* TASK TO CARRY OUT *
Make an exact copy of the entries below with the pictures removed.

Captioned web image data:
════════════════════

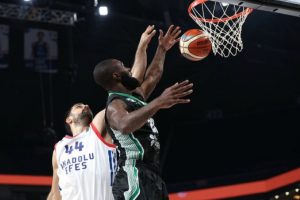 Anadolu Efes seride 1-0 öne geçti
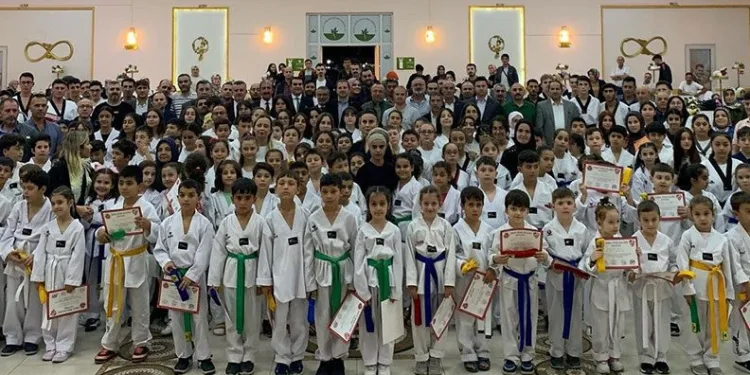 Bursalı 116 sporcu kuşak sınavından başarıyla geçti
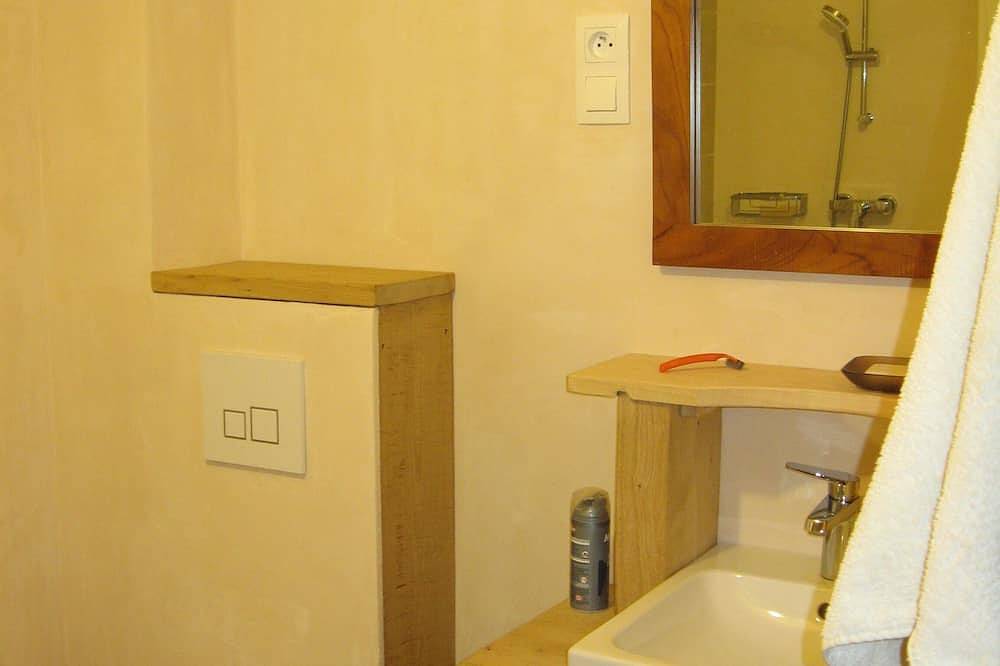 Appartement entier, Bienvenue. Appt plein pied au calme avec terrasse et jardin in Valgelon-La Rochette, Région de Chambéry
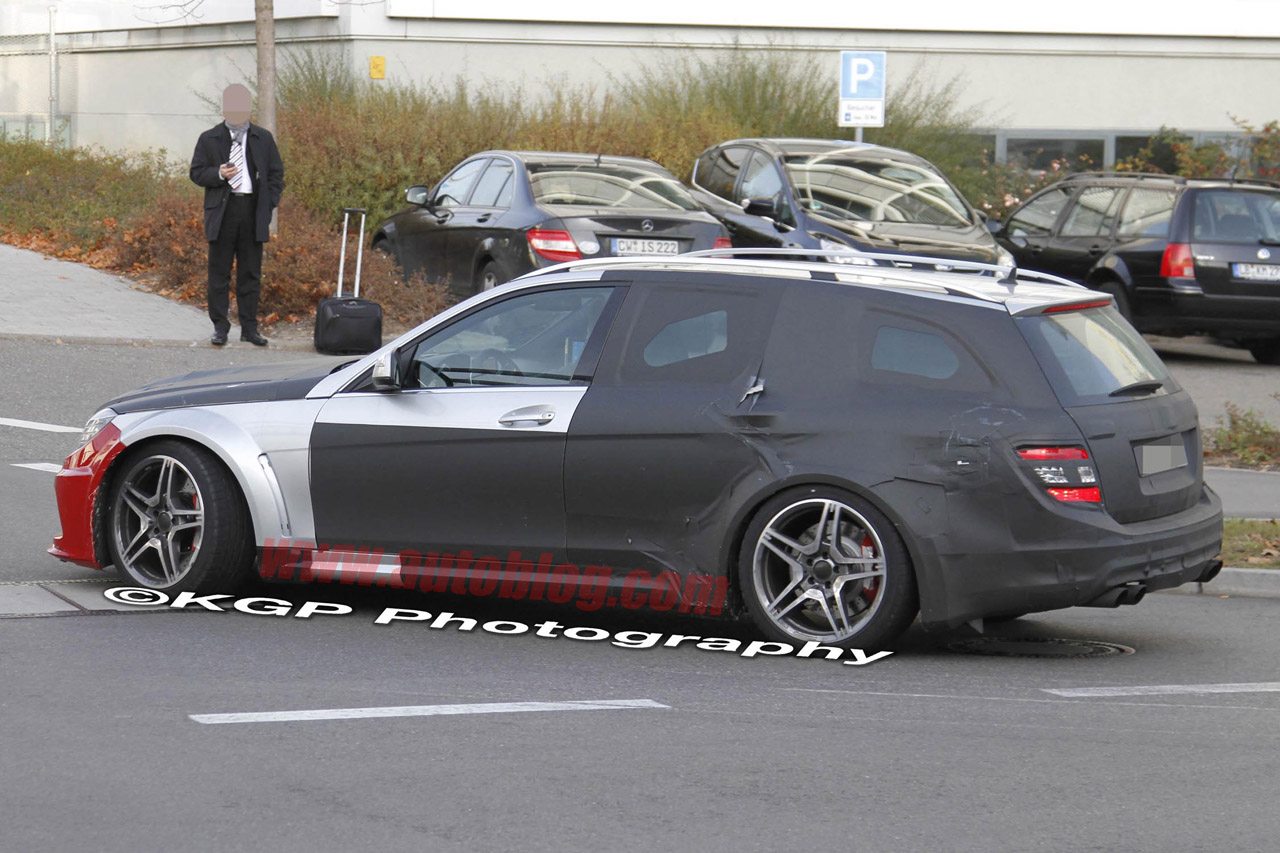 Mercedes C63 AMG T Black Series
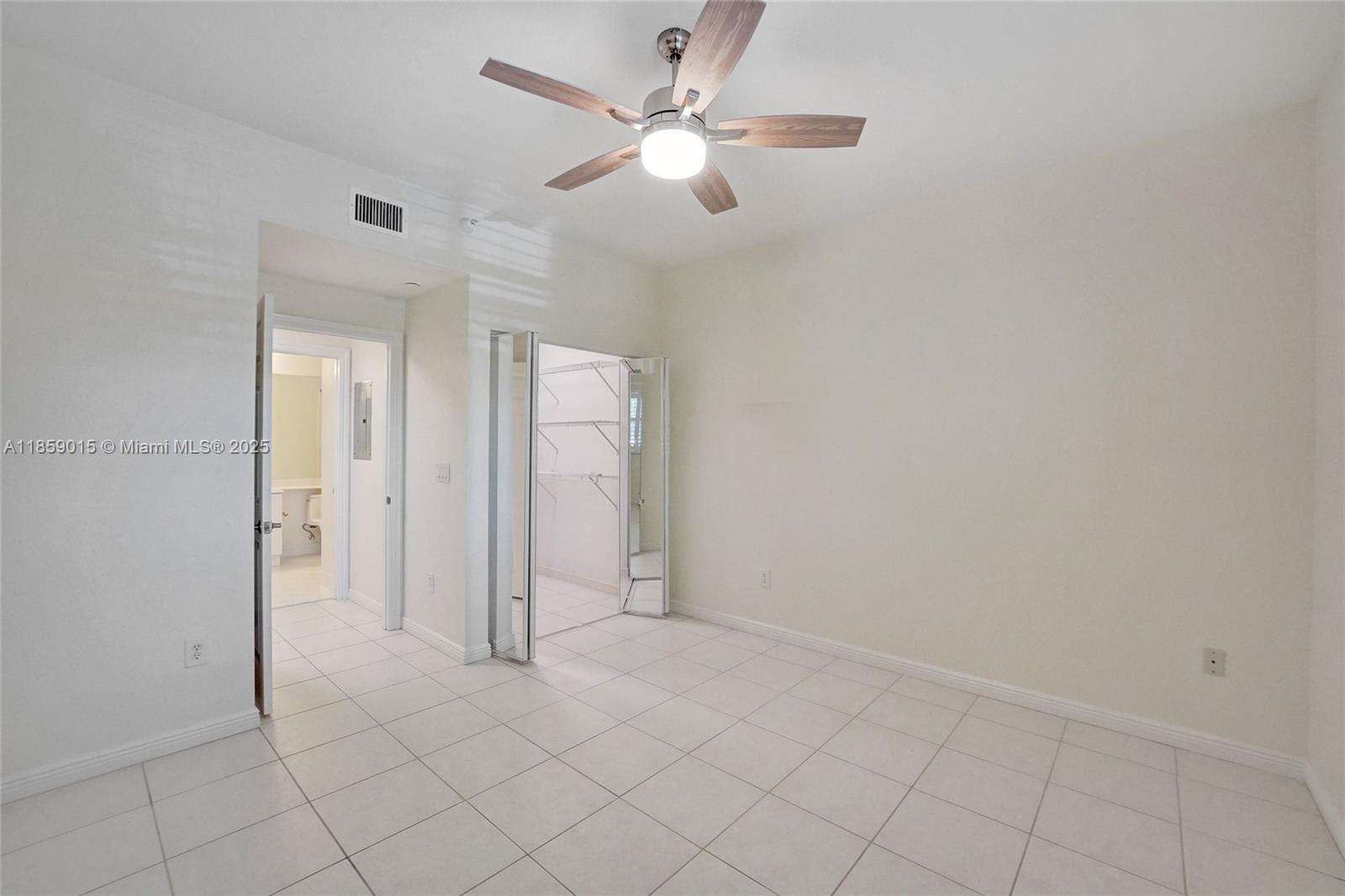 SOUTHAMPTON CONDOMINIUM G - Residential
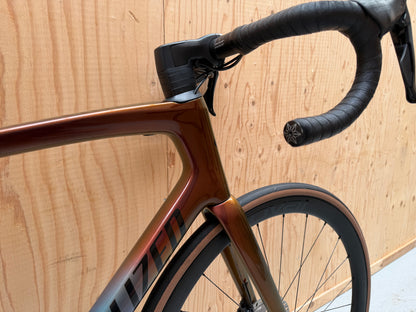 Specialized Tarmac SL7 Expert racefiets met zwart frame, geavanceerde aerodynamische vorm en hoogwaardige componenten, geschikt voor prestatierijders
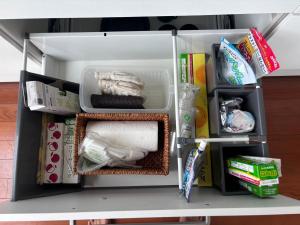 今归仁村20C Ryukyu的冰箱里装满了各种不同的物品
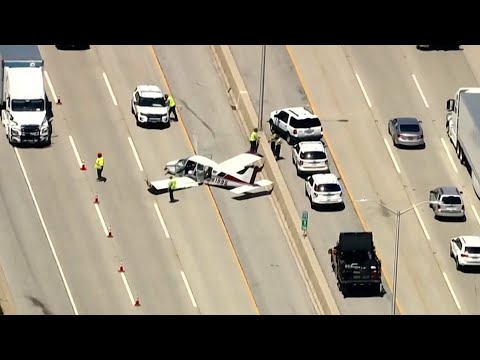 Troje povređenih u padu aviona na autoput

════════════════════

* OUTPUT BELOW *
 Anadolu Efes seride 1-0 öne geçti
 Bursalı 116 sporcu kuşak sınavından başarıyla geçti
 Appartement entier, Bienvenue. Appt plein pied au calme avec terrasse et jardin in Valgelon-La Rochette, Région de Chambéry
 Mercedes C63 AMG T Black Series
 SOUTHAMPTON CONDOMINIUM G - Residential
 Specialized Tarmac SL7 Expert racefiets met zwart frame, geavanceerde aerodynamische vorm en hoogwaardige componenten, geschikt voor prestatierijders
 今归仁村20C Ryukyu的冰箱里装满了各种不同的物品
 Troje povređenih u padu aviona na autoput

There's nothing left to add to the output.